Tutorials
Predict Multi-Label Odor Descriptors using OpenPOM ¶
This tutorial will guide you through the process of using DeepChem and OpenPOM to predict multi-label odor descriptors from smell molecules. The tutorial uses concepts of graph neural network for the creation of molecular embeddings.
Prerequisites ¶
- Basic knowledge of Python programming.
- Familiarity with machine learning concepts.
Table of Contents: ¶
Introduction ¶
Odor molecules are everywhere and it is the nasal apparatus of the animals which acts as the first point of contact with these molecules. The molecules later interact with the receptors and the electrical signals produced are sent to the inner part of the brain for further processing. These signals are differentiated in the brain via various mechanisms. Humans are known to be able to recognise millions of molecules.
The task of predicting the odor of molecules is a very interesting challenge mainly due to the paucity of odor molecules and the models. Structurally similar molecules sometimes have similar smells and completely different structures have completely different smells as shown in Fig 1. [ Lee et al. 2022 ]
Principal Odor Map ¶
The Principal Odor Map (POM) paper by Brian K. Lee et al. (2023) is a significant step towards connecting the molecular structure with how we perceive odors. Specifically, they use graph neural networks to generate molecular embedding and create a POM that maintains the relationships between odors and allows for predicting the quality of odors that haven't been characterized before.
This method has wide-ranging implications, opening the door to predicting odors in general and laying the foundation for the digitalization of scents. It addresses longstanding gaps in our understanding of the sense of smell and brings us closer to a future where odors can be recorded and reproduced. Additionally, it could uncover new scents for industries like fragrance and flavor, potentially reducing the reliance on endangered plants. Moreover, it may lead to the discovery of new functional scents, such as those effective in mosquito repellents or masking unpleasant odors.
About OpenPOM ¶
OpenPOM is an open-source replication of the Principal Odor Map paper.
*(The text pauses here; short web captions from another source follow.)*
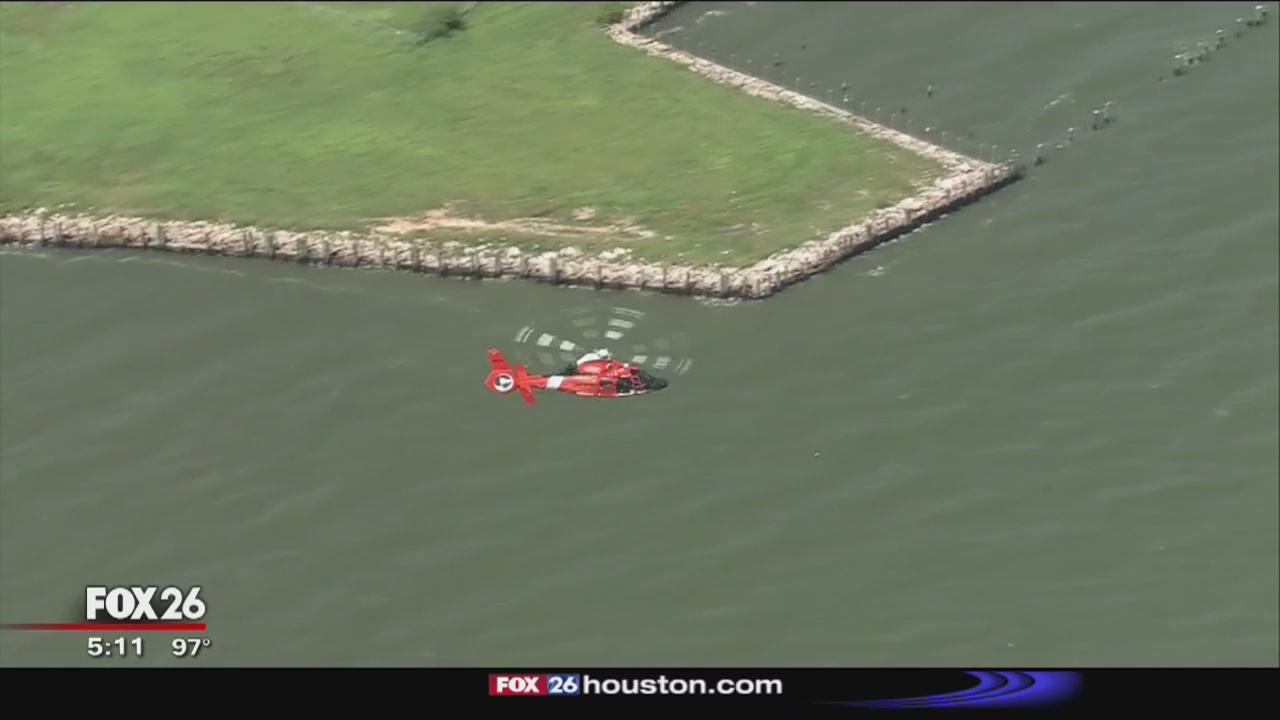Body found of missing Kemah worker who dove off pier to help kayaker
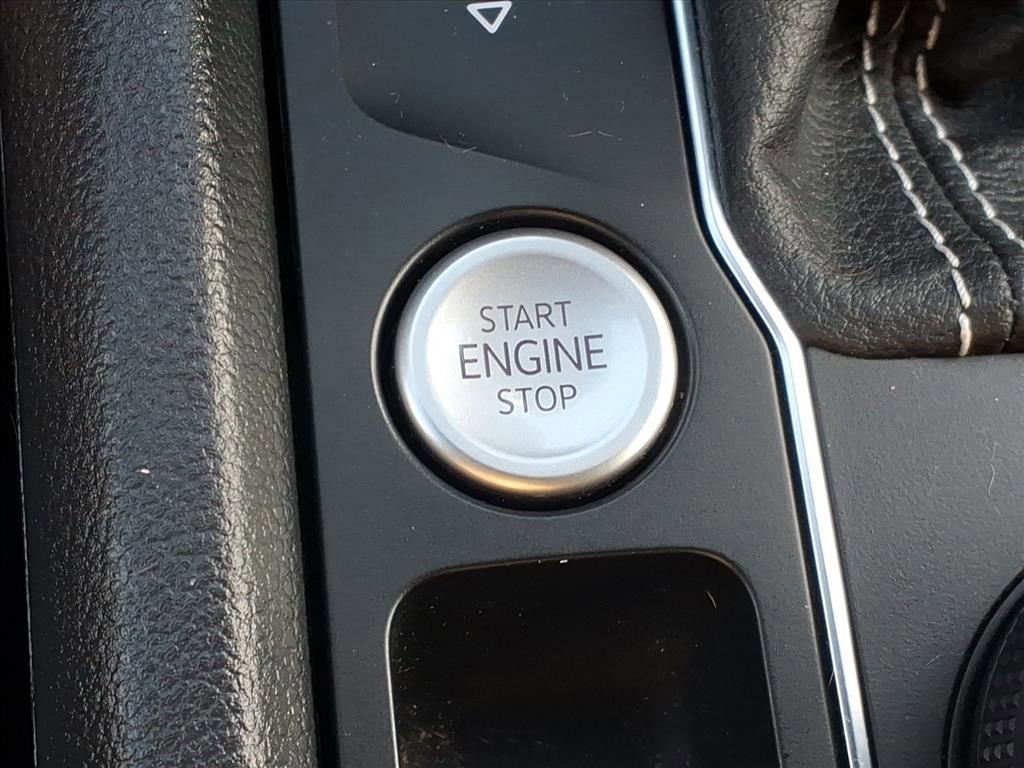 Used 2021 Volkswagen Atlas Cross Sport SEL Premium w/ Cross Sport MDO Package image 16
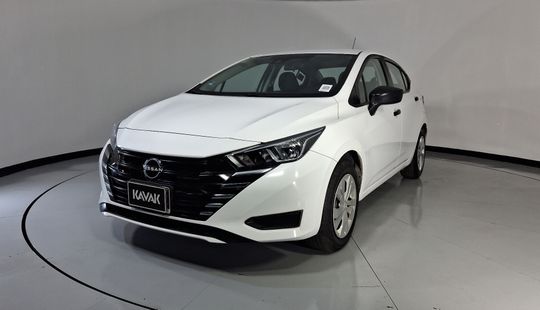 Nissan • Versa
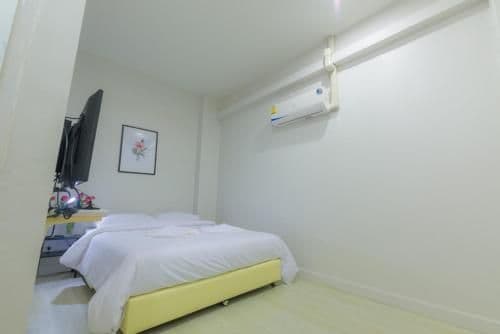 Superior Queen Room ( No Window)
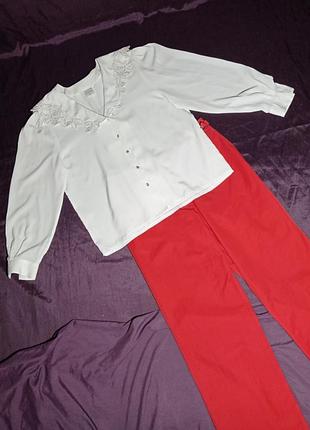 Блуза белого цвета свободного кроя, рукава буфы, интересный воротник с вышивкой, винтаж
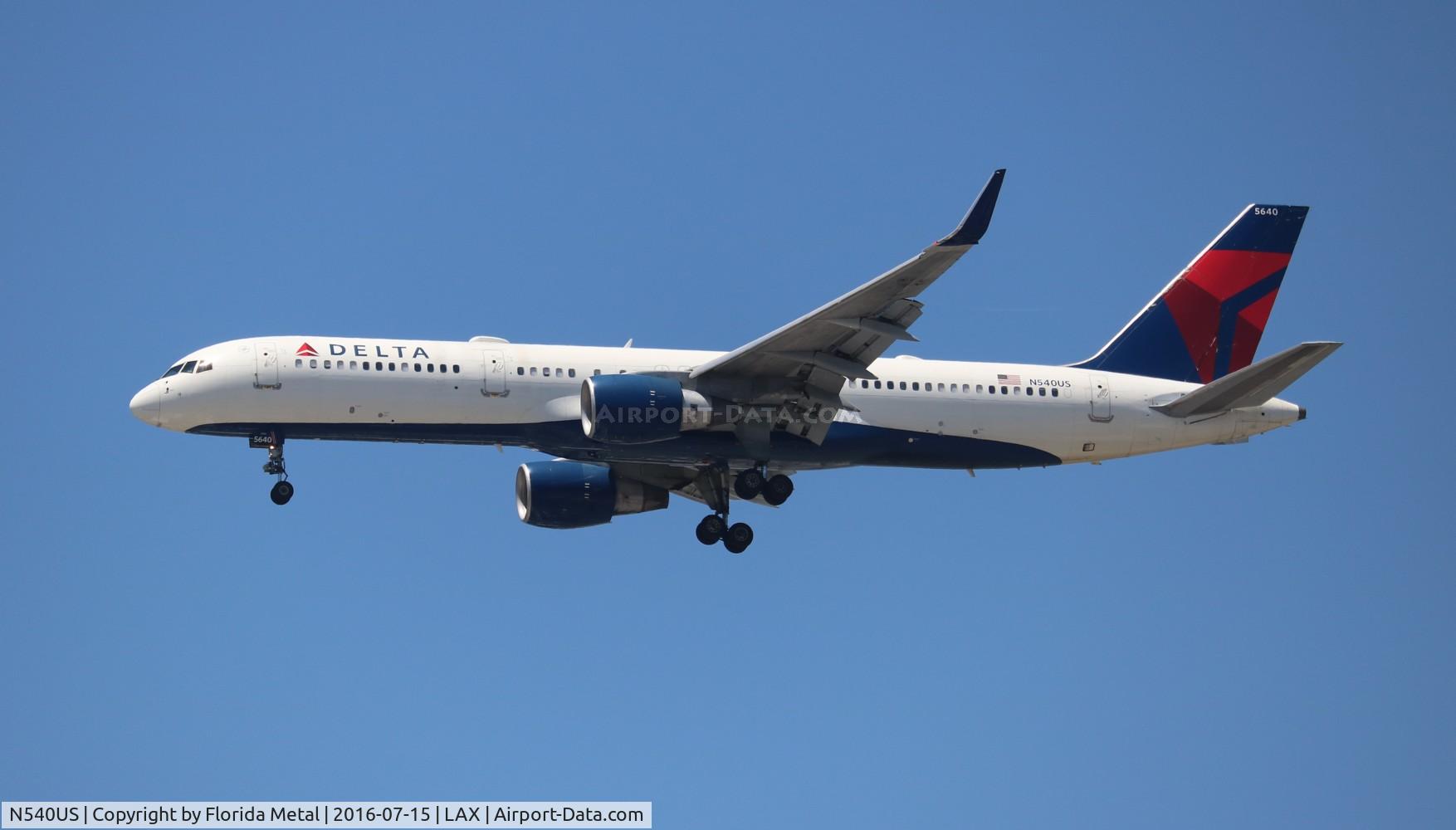 N540US, 1996 Boeing 757-251 C/N 26487, Delta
This implementation is made such that it easily integrates with Deepchem.
Link to the implementation: https://github.com/BioMachineLearning/openpom
Steps to install OpenPOM library: ¶
Step 1: Install the openpom package from https://pypi.org/project/openpom/ using the following command:
!pip install openpom
Step 2: Install CUDA version of dgl libraries from https://www.dgl.ai/pages/start.html
For cuda 11.7, use the following commands:
!pip install dgl -f https://data.dgl.ai/wheels/cu117/repo.html
!pip install dglgo -f https://data.dgl.ai/wheels-test/repo.html
Odor Prediction with OpenPOM ¶
Import necessary libraries and classes:
- Deepchem
- RDKIT
- Pandas
- Featurizer and utils from openpom
- Main GCN model from openpom
- Others
import deepchem as dc
from rdkit import Chem
import pandas as pd
import numpy as np
from openpom.feat.graph_featurizer import GraphFeaturizer, GraphConvConstants
from openpom.utils.data_utils import get_class_imbalance_ratio, IterativeStratifiedSplitter
from openpom.models.mpnn_pom import MPNNPOMModel
from datetime import datetime
from sklearn.decomposition import PCA
import matplotlib.pyplot as plt
from matplotlib.patches import Patch
from scipy.stats import gaussian_kde
Describing smells involves associating words with the sensations experienced when inhaling an aromatic substance. While there's a wide range of terms available for this task, not all of them are specific. It's feasible to categorize words into groups that are frequently used together when capturing the essence of a scent.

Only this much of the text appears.